What's more, so many things happened in and around Angola that each reference Stockwell makes can easily prompt research into other issues largely forgotten.
I brought a copy of this memoir along with me to California, finishing it on the plane and leaving it as a gift for my hosts. It's the memoir of a former CIA officer which concentrates primarily on the covert war the United States conducted in Angola. The author was so appalled at this and other activities conducted by our government surreptitiously and often illegally through the CIA that he left the agency.
"In my twelve years of case officering I never saw or heard of a situation in which the KGB attacked or obstructed a CIA operation." - New York, 1978 edition, p.101
"If a CIA case officer has a flat tire in the dark of night on a lonely road, he will not hesitate to accept a ride from a KGB officer - likely the two would detour to some bar for a drink together. In fact CIA and KGB officers entertain each other frequently in their homes. The CIA's files are full of mention of such relationships in almost every African station." - Ibid, p.238
An interesting deal was struck on this book, out of a U.S. Congressional hearing: The book was allowed to be sold publicly with the condition that the CIA gets the royalties! Probably more than any other book out there, this one documents how the U.S. has contributed, via lies, deceipt, and subterfuge, to geopolitical instability and the birth of wars. That's not to say the U.S. doesn't do a lot of great things too. But let's not flinch from the reality here. If you are a U.S. citizen, read this book.
[This] led me to reflect at length, on Kissinger and Colby, who had to be, if anyone was, the master chess players of American intelligence. I often told myself there must be some master plan behind our intelligence policies, someone who saw the effect today's operations would have on tomorrow's world.
As a young officer, I had thought of the division chief in those terms, presuming that everything he did, even some insane, drunken instruction that I learn an obscure African dialect, must be part of The Plan, rather the way it worked in Le Carre or Fleming's novels. Now I could see Potts wasn't "M." And Colby clearly wasn't either - he was only a disciplined, amoral bureaucrat, who fawned over the politicians and game-players on the hill.
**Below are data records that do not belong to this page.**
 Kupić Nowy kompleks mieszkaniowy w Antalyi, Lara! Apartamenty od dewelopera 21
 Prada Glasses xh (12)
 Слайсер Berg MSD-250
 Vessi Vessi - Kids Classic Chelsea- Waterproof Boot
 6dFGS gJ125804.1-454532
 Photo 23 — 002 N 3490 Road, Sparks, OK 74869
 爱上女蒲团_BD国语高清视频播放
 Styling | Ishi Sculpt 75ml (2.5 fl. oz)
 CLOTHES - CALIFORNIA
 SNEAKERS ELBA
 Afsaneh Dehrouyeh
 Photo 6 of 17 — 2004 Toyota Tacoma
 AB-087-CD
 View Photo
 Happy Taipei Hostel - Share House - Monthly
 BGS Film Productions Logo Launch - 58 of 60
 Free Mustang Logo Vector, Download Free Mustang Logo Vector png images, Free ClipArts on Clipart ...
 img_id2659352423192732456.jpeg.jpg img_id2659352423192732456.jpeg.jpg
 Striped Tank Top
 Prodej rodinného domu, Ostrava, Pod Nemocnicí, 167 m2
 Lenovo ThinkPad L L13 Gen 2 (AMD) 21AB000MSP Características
Kissinger was a half-genius perhaps, and half clown; he appeared to be the master-mind but consider his Angolan policy...
[The ambassador to Ghana] pointed out that the Soviets' national sport is chess and their foreign policy reflects an effort at long-range planning of coordinated, integrated moves, although they often play the game badly and are fiven to serious blunders. The Chinese are notorious for planning their foreign policy carefully, with moves designed to reach fruition even years beyond the lifetimes of present leaders. By contrast ... The United States is a poker player. It looks the world over, picks up whatever cards it is dealt, and plays, raising the stakes as more cards are dealt, until the hand is won or lost. Then, after a drag on the cigarette and another sip of whiskey, it looks around for the next hand to be played.
This is a powerful, unflinching memoir from a former CIA officer that delivers far more than just a blow-by-blow of a failed Cold War operation. In Search of Enemies is part confession, part exposé, and—whether Stockwell meant it to be or not—a deeply revealing study in how U.S. foreign policy has long operated in the shadows.
The book focuses heavily on the CIA’s covert war in Angola, but it speaks volumes about broader U.S. strategy. Stockwell pulls no punches in detailing the manipulation of African governments and the use of strongmen as disposable tools. What stands out most, though, is how matter-of-factly he illustrates the deeply embedded racism and moral detachment within the agency—and by extension, the presidency. He does this without preaching, which makes the point land even harder.
Stockwell is clearly angry—at the agency, at the dishonesty, at being passed over—but that emotion fuels clarity. His appendix letter to the new CIA director is especially raw and worth the read on its own. And while he sometimes frames the CIA as operating independently, it’s easy to see through that: Congress and the White House weren’t in the dark—they were deeply complicit. The real secret, as this book shows, has always been hiding in plain sight.
Though not a scholarly work, it’s impressively well-researched and told with real respect for the reader’s intelligence. If you want a ground-level view of how American power really moves—especially in places it rarely bothers to mention in its official histories—this is essential reading.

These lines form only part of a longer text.